Hashim mengatakan di sejumlah daerah masih banyak petani membakar limbah pertanian di tempat terbuka, serta hal itu dapat mencemari udara karena menghasilkan CO2. Padahal limbah tersebut bisa diolah menjadi barang yang bermanfaat seperti biochar.

Ia menjelaskan biochar merupakan bahan padat dengan kandungan karbon yang dihasilkan dari proses pengolahan limbah organik seperti sekam, jerami, ampas tebu, batok kelapa dan lainnya.

Menurut dia, biochar dapat diaplikasikan untuk pembenahan lahan pertanian karena fungsinya memperbaiki serta meningkatkan kemampuan penyerapan air dan unsur hara. Sehingga tanah menjadi subur.

"Tadi kita lihat contoh tanaman yang pakai biochar dan tidak. Perbandingannya jauh sekali, karena biochar bisa menyuburkan dan menambah unsur hara,” ujarnya.

Hashim menyampaikan pendirian pabrik di Majalengka itu, telah membuka kesempatan yang lebih luas bagi Indonesia dalam memerangi perubahan iklim.

Sebab, kata dia, produksi biochar dalam jumlah besar secara tidak langsung berkontribusi pada pengurangan emisi karbon.

“Prospeknya untuk Indonesia besar sekali, ini bisa jadi bahan ekspor dan dipakai di dalam negeri. Ini sangat tepat karena berkaitan dengan perubahan iklim.

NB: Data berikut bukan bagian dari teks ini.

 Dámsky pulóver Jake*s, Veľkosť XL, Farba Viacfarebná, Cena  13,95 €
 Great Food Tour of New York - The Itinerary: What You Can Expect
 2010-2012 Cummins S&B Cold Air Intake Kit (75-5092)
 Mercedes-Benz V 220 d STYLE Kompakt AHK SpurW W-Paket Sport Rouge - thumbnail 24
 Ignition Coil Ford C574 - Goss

Banyak perusahaan mencari proyek seperti ini,” katanya.

Hasil produksi biochar di pabrik yang ada di Majalengka, Jawa Barat. (ANTARA/Fathnur Rohman)
Sementara itu CEO SAWA Ecosolutions Phil Rickard mengemukakan bahwa pabrik tersebut dapat menghasilkan lebih dari 5.000 ton biochar per tahun, dengan rata-rata produksinya sekitar 19 ton per hari.

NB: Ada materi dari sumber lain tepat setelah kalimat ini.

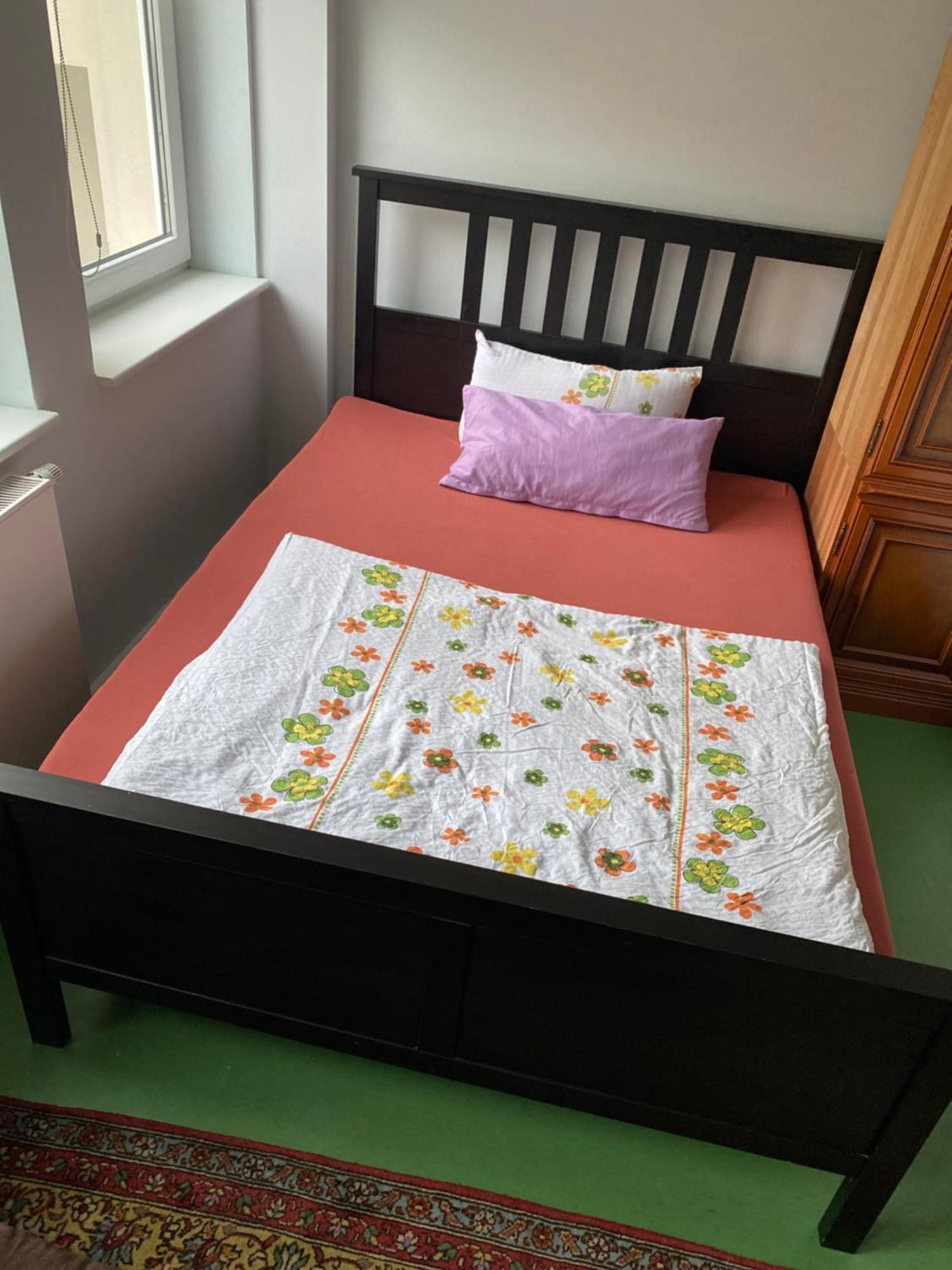 Wiesbaden Apartment 외부 사진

“Jumlah itu setara dengan lebih dari 5.000 ton pembuangan karbon dioksida yang terukur,” ujar dia.

Adapun proses produksi di pabrik itu, lanjut dia, dilakukan melalui dekomposisi termal bahan organik yang terkendali.

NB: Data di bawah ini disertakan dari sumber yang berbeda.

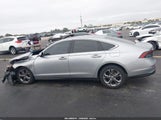Honda Accord Ex 1HGCY1F36PA012401 photo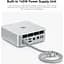 Неттоп Beelink GTi15 Ultra 64/1TB [155415] - мініатюра 5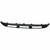 Lower Bumper Grille For 2010-2013 Mercedes Sprinter 2500/3500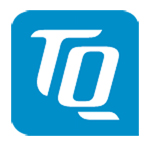 Logo von TQ-Systems Durach GmbH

Rickard menambahkan bahwa jika diadopsi lebih luas, biochar dapat menyerap CO2 sehingga bisa membantu Pemerintah Indonesia mencapai target penurunan emisi gas rumah kaca.

Selain itu, hadirnya pabrik biochar di Majalengka menandai kolaborasi awal antara SAWA dengan Offset8 Capital Limited (firma manajemen aset berpemilik yang berbasis di Pasar Global Abu Dhabi) untuk memperoleh kredit penghilangan CO2 di berbagai lokasi di Indonesia dan sekitarnya.

Nilai dari kerja sama itu, mencapai lebih dari 50 juta dolar AS.

“Pabrik ini menandai komitmen kami melawan perubahan iklim melalui teknologi penangkapan karbon untuk mengubah limbah pertanian menjadi biochar,” ucap dia.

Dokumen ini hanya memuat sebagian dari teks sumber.